In his farewell column to Baltimore readers last week, veteran Sun political commentator Jules Witcover vented his spleen at the “unnecessary and calamitous” war in Iraq, not his employer of 24 years.

“My principal regret in leaving this space in The Sun,” he wrote, “is that my readers in Baltimore will no longer read my views on what I consider the most critical crisis facing this country for the foreseeable future.”

But when asked to describe his feelings about the way his Sun career had ended, the voluble writer—who published three columns a week during the last presidential election—is terse: “Bitter.”

Witcover, 78, formally retired from the Sun staff in 2004, when he took a buyout from the newspaper’s corporate owner, the Chicago-based Tribune Co. He then accepted a one-year contract to continue the column with the hope, he says, that it would be automatically renewed for at least a second year.

Two months ago, Witcover received a letter by FedEx from Dale Cohen, the Sun’s vice president of human resources and legal affairs, informing the columnist that his contract would not be renewed. The formal letter included a single line of thanks: “‘We appreciate your many years of service to The Sun and its readers and wish you well in all of your future endeavors,’” Witcover says, reading the letter by phone from his Georgetown home.

“And that was that,” he says. “And I have never received a word from [Sun editor Tim] Franklin, by phone or anything, or from [editorial page editor] Dianne Donovan, from that point until now. So I think that gives you a fair idea of how I feel about them.”

Both Franklin and Donovan say that Witcover should have anticipated this day and that there was no intention to personally slight Witcover, who joined the Evening Sun in 1981, along with co-columnist Jack Germond. The pair began their collaboration in 1977 at The Washington Star; Germond retired four years ago. A Beltway insider since the 1960s, Witcover covered the 1972 presidential elections for the Los Angeles Times and the 1976 elections for The Washington Post. He has written 15 books.

“It should have been obvious to him from the contract that he signed that it was a one-year contract and that it was up for review and consideration,” Franklin says. “I have tremendous respect for Jules as a political journalist.

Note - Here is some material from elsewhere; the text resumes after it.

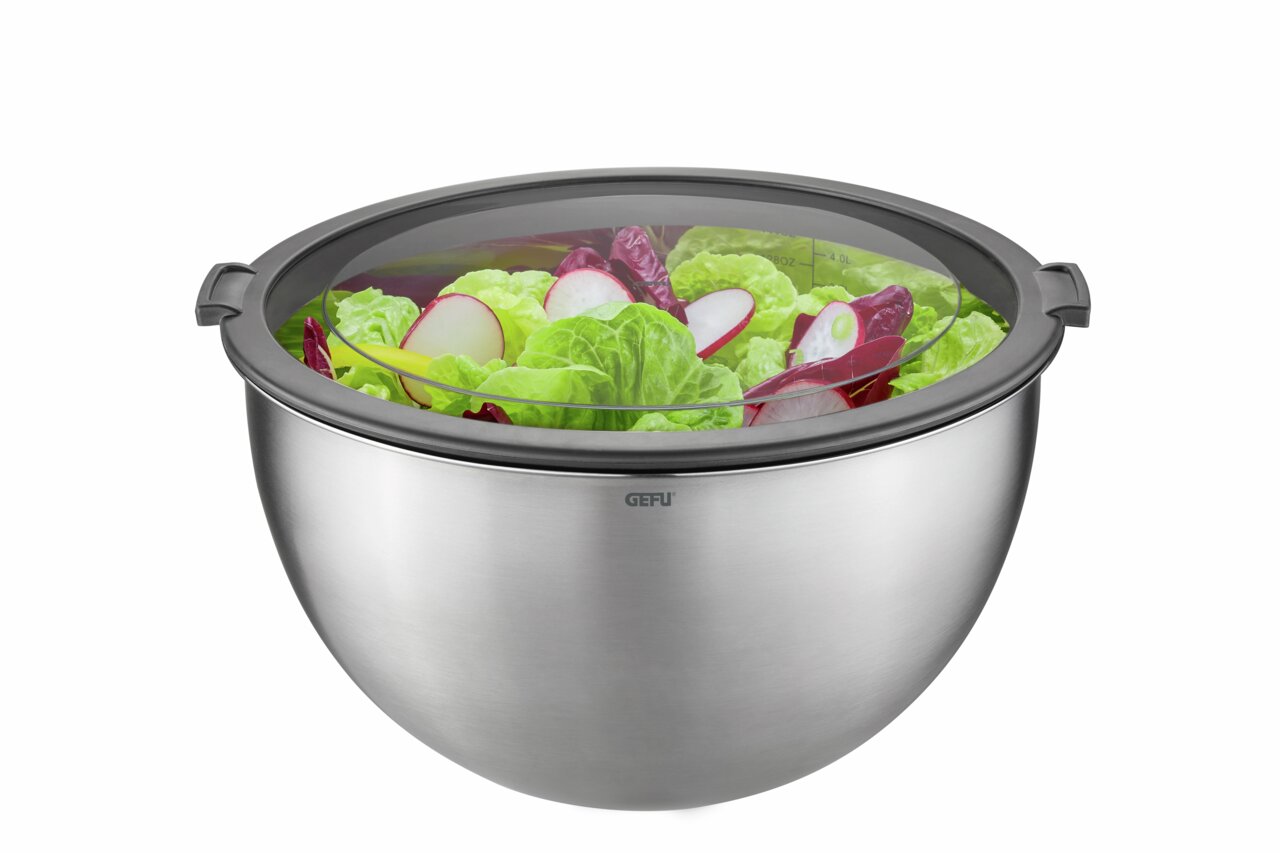 Edelstahl-Schüssel mit transparentem Deckel, gefüllt mit frischem Salat, aus seitlicher Perspektive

As a political junkie myself, I’ve read him for a long time.” The editor adds, “I feel bad that he feels hurt, because he’s a good guy and has meant a lot to the paper over the years.”

Donovan said The Sun might decide to continue running Witcover’s column, which is syndicated by Tribune Media Services. “What we do periodically, and will be doing with Jules, is look at what we call the mix, the diversity of the op-ed page,” Donovan says. “We try to balance out liberal voices and conservative voices, ethnically diverse voices, female and male voices, and we may decide to continue Jules’ column through his syndication.”

Witcover’s column took an aggressively anti-war posture in recent years, but he says he has no reason to believe the decision to discontinue his Sun contract was a function of his opinions.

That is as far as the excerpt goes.